To determine your uid on the database, run this SELECT query:

jma@onion-server:~$ query 'SELECT uid,username FROM user_info;'
| uid | username |
|   1 | auto     |
|   2 | jma      |

Available status values are:

jma@onion-server:~$ query 'SELECT * FROM status;'
| status_id | description                | long_desc                                  |
|         0 | New                        | Real Time Event                            |
|         1 | No Further Action Required | No Further Action Required                 |
|         2 | Escalated                  | Escalated                                  |
|        11 | Category I                 | Unauthorized Root Access                   |
|        12 | Category II                | Unauthorized User Access                   |
|        13 | Category III               | Attempted Unauthorized Access              |
|        14 | Category IV                | Successful Denial of Service Attack        |
|        15 | Category V                 | Poor Security Practice or Policy Violation |
|        16 | Category VI                | Reconnaissance/Probes/Scans                |
|        17 | Category VII               | Virus Infection                            |

Run a SELECT query, to verify the correct rows will be updated:

jma@onion-server:~$ query 'SELECT count(*) as evt, signature FROM event WHERE signature_id="2101201" AND last_modified IS NULL;'
| evt   | signature                    |
| 30944 | GPL WEB_SERVER 403 Forbidden |

Note the value of the evt field for validation later.
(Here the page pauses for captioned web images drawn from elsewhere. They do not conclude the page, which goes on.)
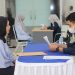 Gelar Pekan Karier, Alumni Kampus Vokasi Kemenperin Terserap Kerja di Industri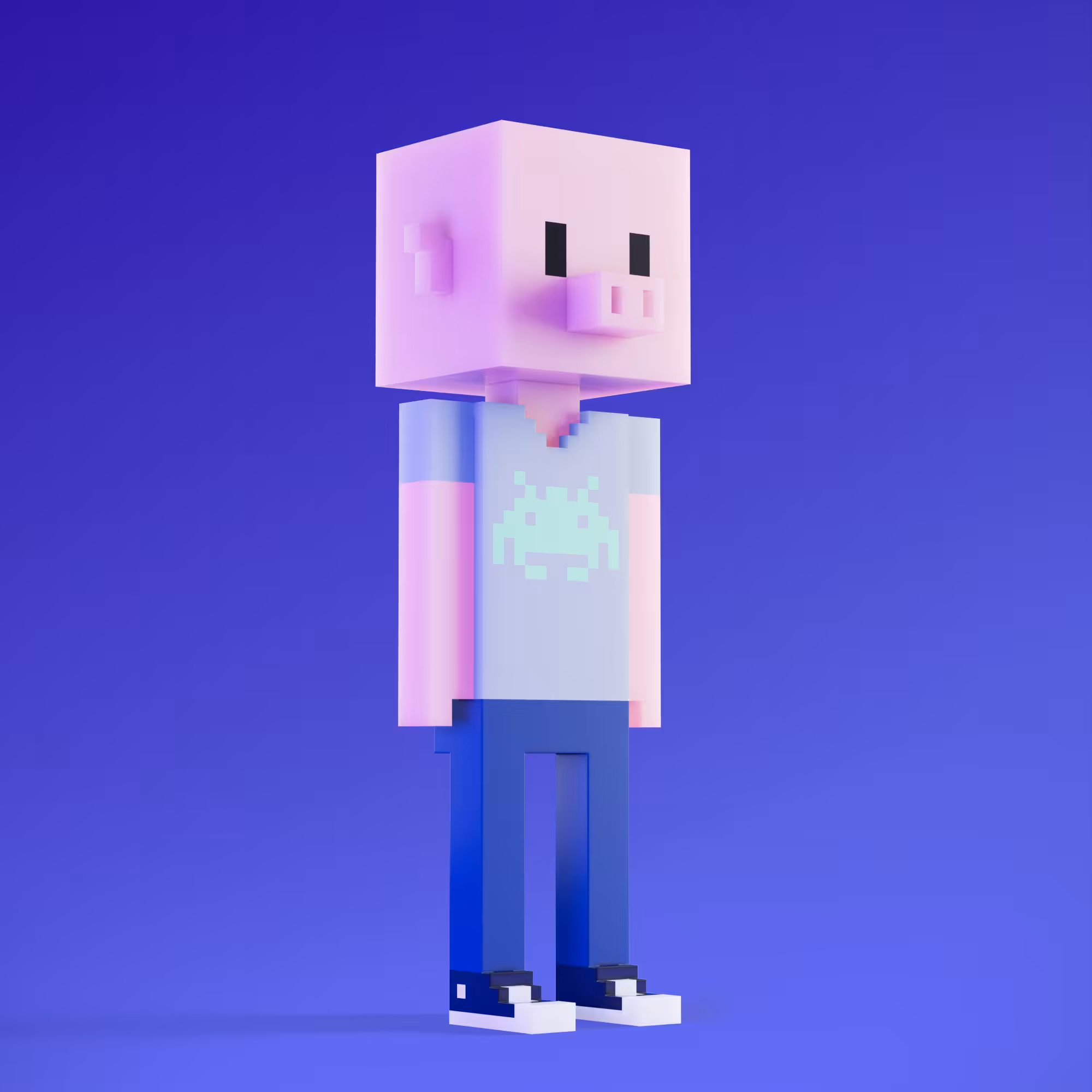 Meebit #14921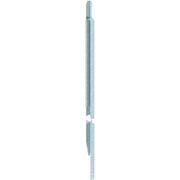 OBO Bettermann - Staberder/Tiefenerder Kreuzerder 2,5m 213 2500 M m. Bandeisenfahne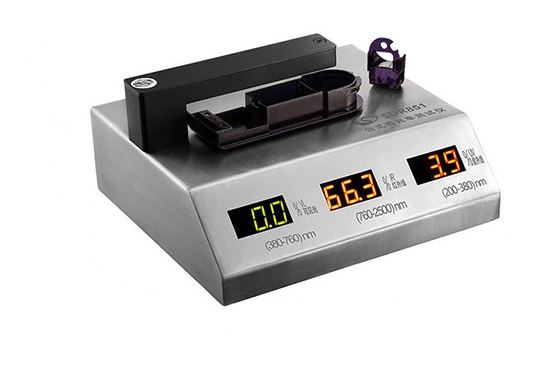 透光率測試儀的應(yīng)用領(lǐng)域及分類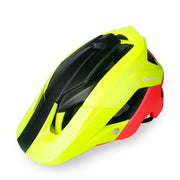 Deemount bicycle helmet - Blue Force Sports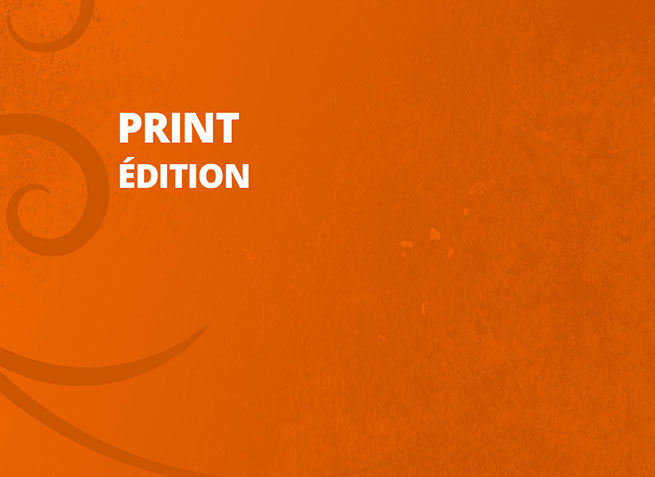 Édition Flyers – Plaquettes – Dépliants – Affiches – Catalogue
As an aside, the above query did not limit the results based on date. If that is necessary, a sample query might be:

jma@onion-server:~$ query 'SELECT count(*) as evt, signature FROM event WHERE signature_id="2101201" AND timestamp > "2017-05-10 00:00:00" AND last_modified IS NULL;'
| evt | signature                    |
| 848 | GPL WEB_SERVER 403 Forbidden |

Once the proper rows have been identified, the UPDATE query can be executed:

jma@onion-server:~$ query 'UPDATE event SET status="1", last_uid="2", last_modified="2017-05-10 09:44:01" WHERE signature_id="2101201" AND last_modified IS NULL;'

In the above example, the status was set to ‘No Further Action Required’.
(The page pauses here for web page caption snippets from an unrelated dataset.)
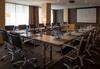 Hotel The Westin Cuzco Madrid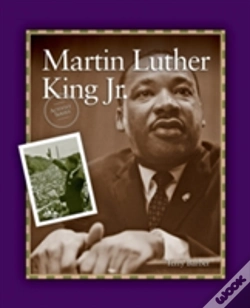 Capa do artigo Martin Luther King
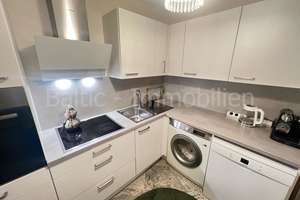Schöne 2,5 Zimmer-Wohnung mit Balkon! – Die vollständige Adresse der Immobilie erhältst du vom Anbieter., 23556 Sankt Lorenz Nord, Lübeck – Vorschaubild 9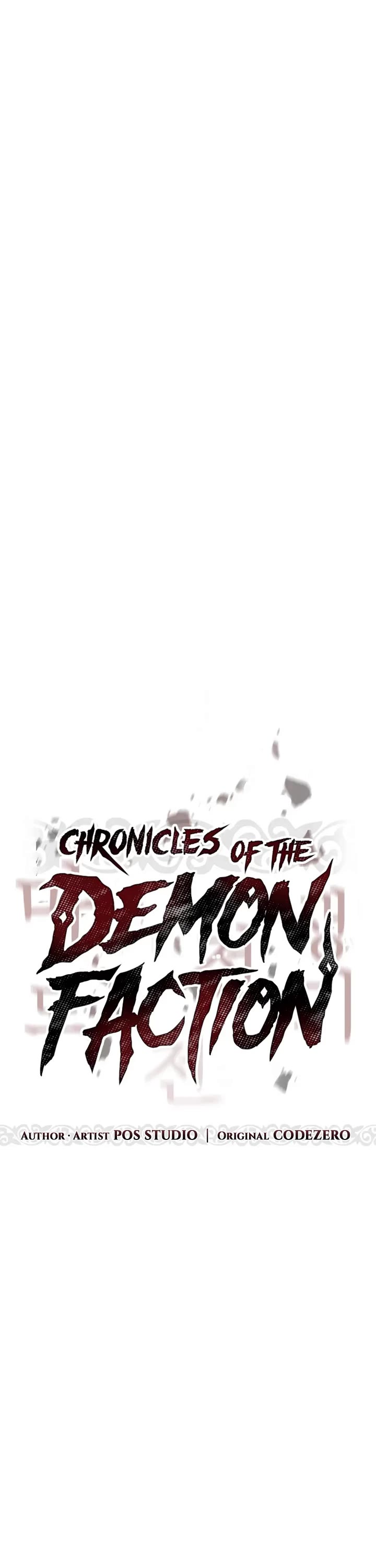 Chronicles of the Demon Faction Chapter 152 page 13 - Chapter 152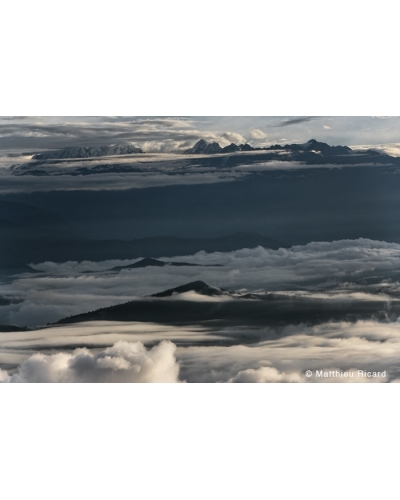 MR2066 Mer de nuages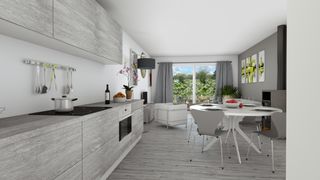  Maison 3 pi�ces 70 m� Coursan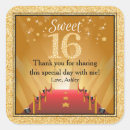 Search for red carpet stickers Birthday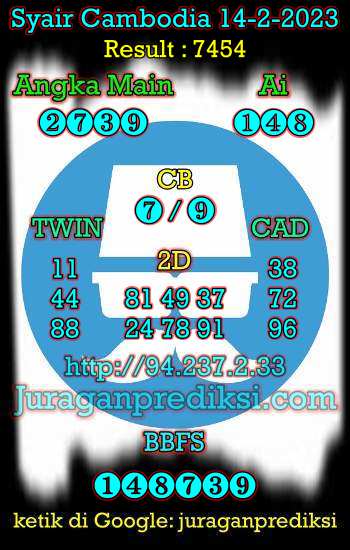 prediksi cambodia 14 februari 2023, syair cambodia hari ini selasa 14-2-2023, prediksi syair kamboja 14 februari 2023 4d jitu dan akurat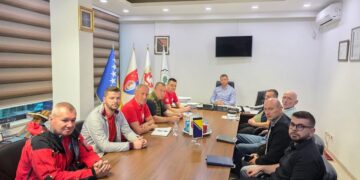 Pripreme za pokaznu vježbu spašavanja ‘Misoča 2026’: Općina Ilijaš osigurala podršku od 8.000 KM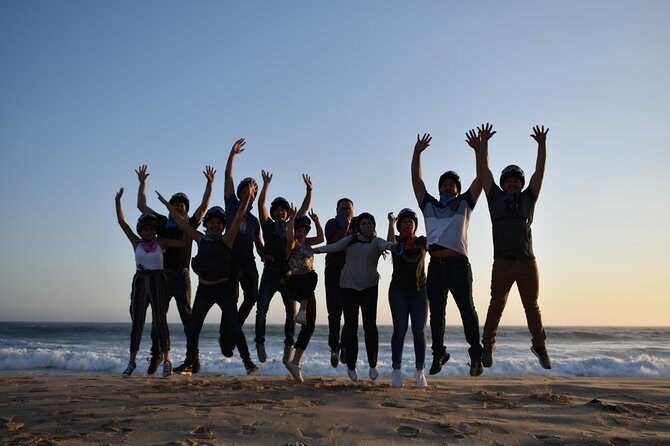 Sunset/Nighttime Migrino Double UTV Tour - How It Compares to Other Experiences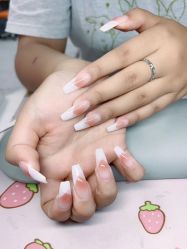 -一个美甲店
And a follow-up SELECT query to validate the results:

jma@onion-server:~$ query 'SELECT count(*) as evt, status, last_uid, signature FROM event WHERE last_modified="2017-05-10 09:44:01" AND signature_id="2101201";'
| evt   | status | last_uid | signature                    |
| 30944 |      1 |        2 | GPL WEB_SERVER 403 Forbidden |

The value in the evt field of this query should match what you recorded previously.

Be sure to start the Sguil server process when you’re done!

jma@onion-server:~$ sudo nsm_server_ps-start
Starting: securityonion
  * starting: sguil server                              [  OK  ]

Security Onion has a ton of other useful stuff and I’ll probably be working through some of that here in the future.